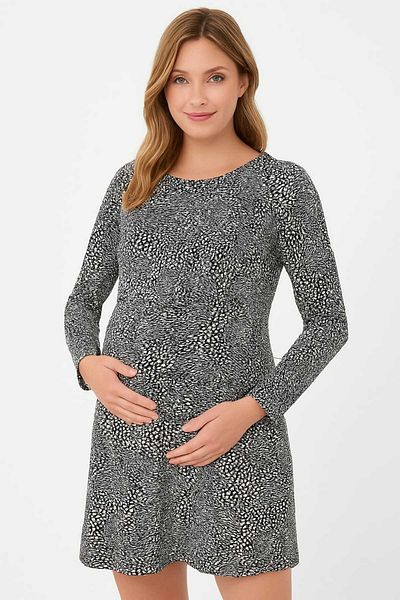 MEGHAN L.A Maternity Tie Waist Cotton Stretch Fabric Tunic Dress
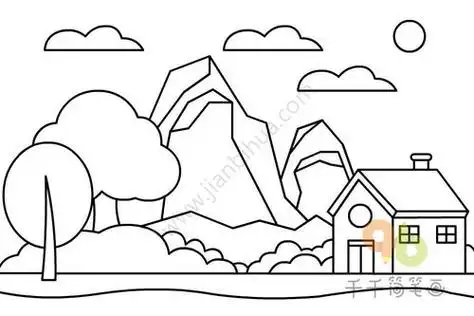 自然风景简笔画儿童大自然风景简笔画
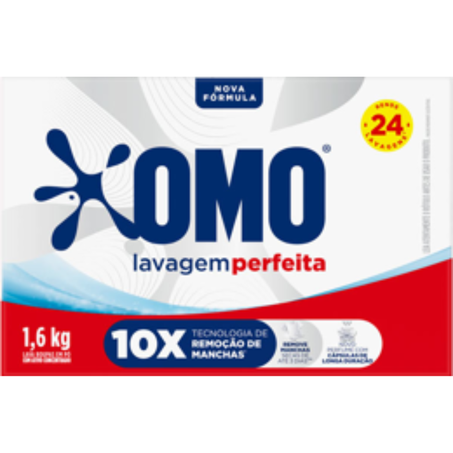 Lava roupas po omo 1.6kg caixa lavagem perfeita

■ Requirement
Give back the data exactly. Pictures stay out.

■ Completed exercise
 MEGHAN L.A Maternity Tie Waist Cotton Stretch Fabric Tunic Dress
 自然风景简笔画儿童大自然风景简笔画
 Lava roupas po omo 1.6kg caixa lavagem perfeita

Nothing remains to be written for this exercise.